There I discovered a lovely patch of bluebells, in full bloom. Eiji knew that bluebells were among my most favorite of flowers, and of the carpets of bluebells that would spread through British woodlands in late spring and early summer. I recalled telling him, too, how the bluebell (Hyacinthioides non-scriptus), with its fleshy and delicate stem, was difficult for me to press well as a child. I don’t know where he found the bluebell bulbs, because they are not native to Japan and I’ve seen very few around.

His patch of bluebells was close by a fine yamaboshi (Japanese dogwood tree; Cornus kousa) which was one of his favorites. It was in full bloom, as is the dogwood that Eiji planted for me just outside my front door. It has splendid white flowers and, later on, round, red, dimpled fruit, rather sweet to the taste and a great treat for birds and hornets.

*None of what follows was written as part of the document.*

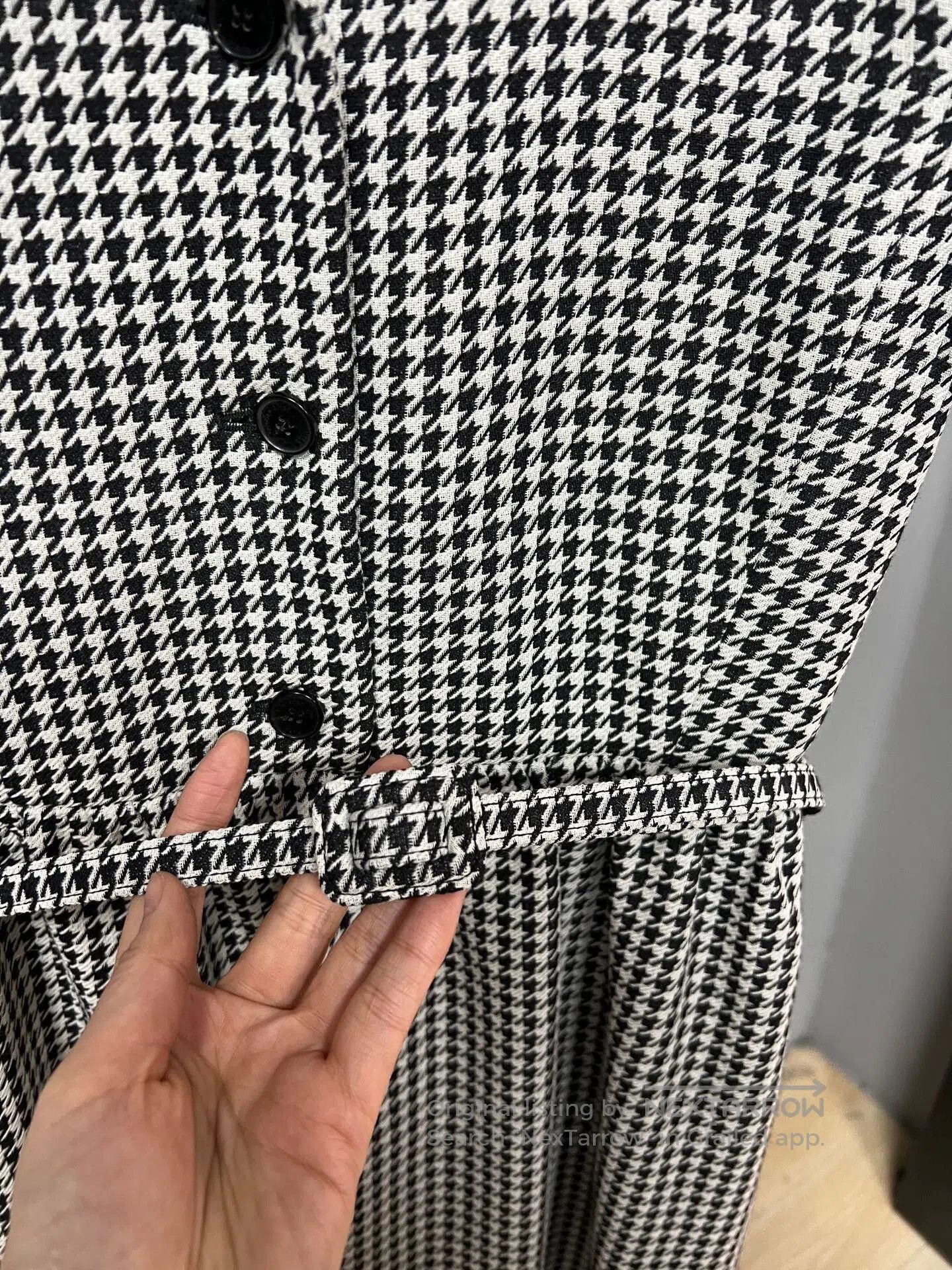 Dior black and white houndstooth puff sleeve dress. Size S / US 4 / IT 40 - 3 Thumbnail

As I write here in my study in Kurohime, I recall this time last year, when Eiji and I were training in my dojo-gym on the floor below. At this time of year the wild blue field iris (Iridaceae) blooms and, for a few short days, countless thousands of what look like little butterflies flitter and dance way up in the canopy of the deciduous trees. (I’ve written about these here, too, explaining that they are actually day-flying moths). It is a time of year when only glimpses of the Torii River can be seen from my study window through the dense green of Japanese oak, mountain cherry and sycamore foliage which almost totally hides Kurohime Mountain too.

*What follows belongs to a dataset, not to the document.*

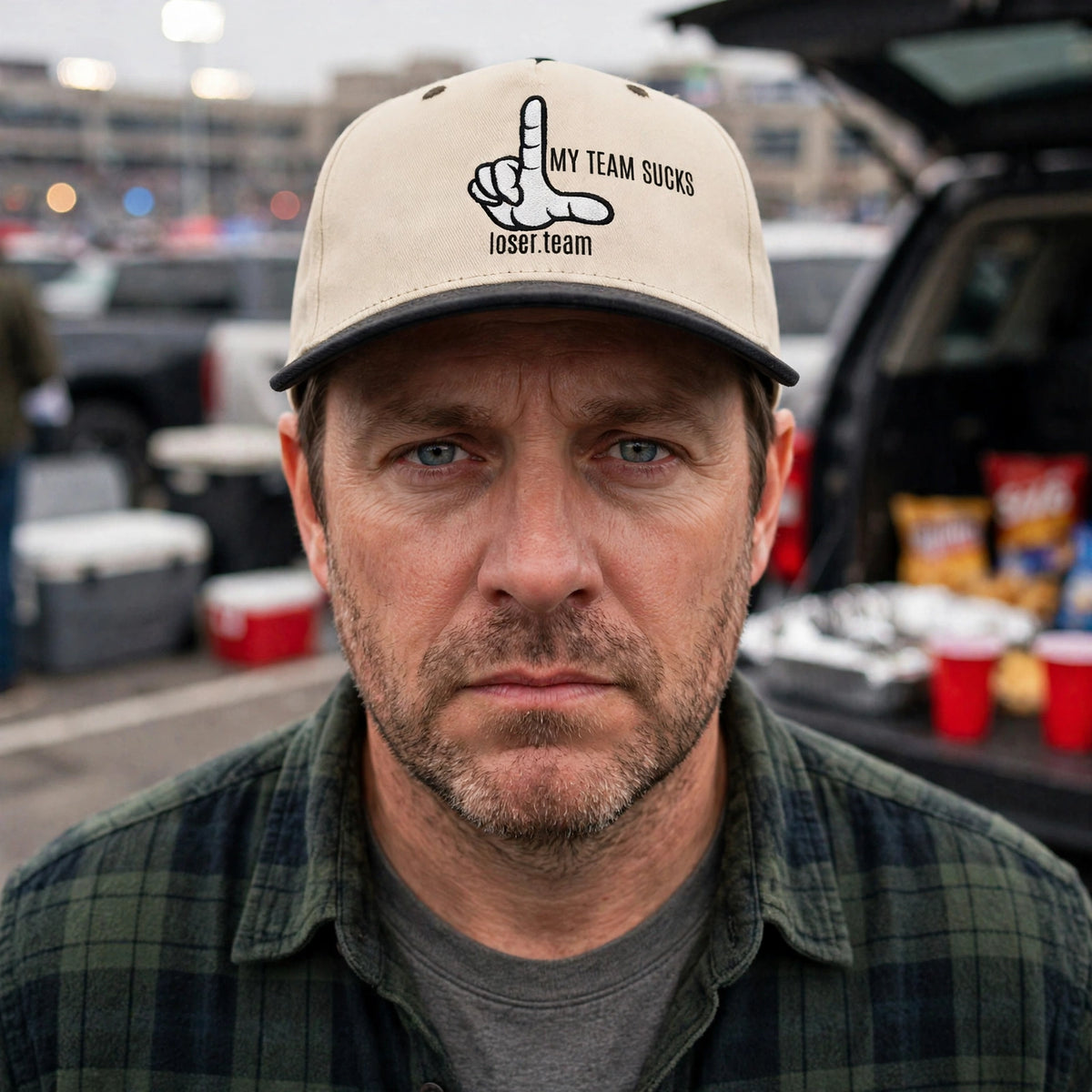 Person wearing the My Team Sucks loser hat, deadpan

A ki-bitaki (Narcissus flycatcher; Ficedula narcissina) is warbling a beautiful repertoire of songs. It is a lovely little bird, with yellow, black and white plumage, rather shy to show itself, but not at all shy in singing. Bird songs, and the sound of a rushing river, comfort me in a grief which I know many of you will share.

I’ll go down and work out for a while when I finish. But I don’t have the heart to tidy away Eiji’s gear, which is hanging on a training bar where he left it.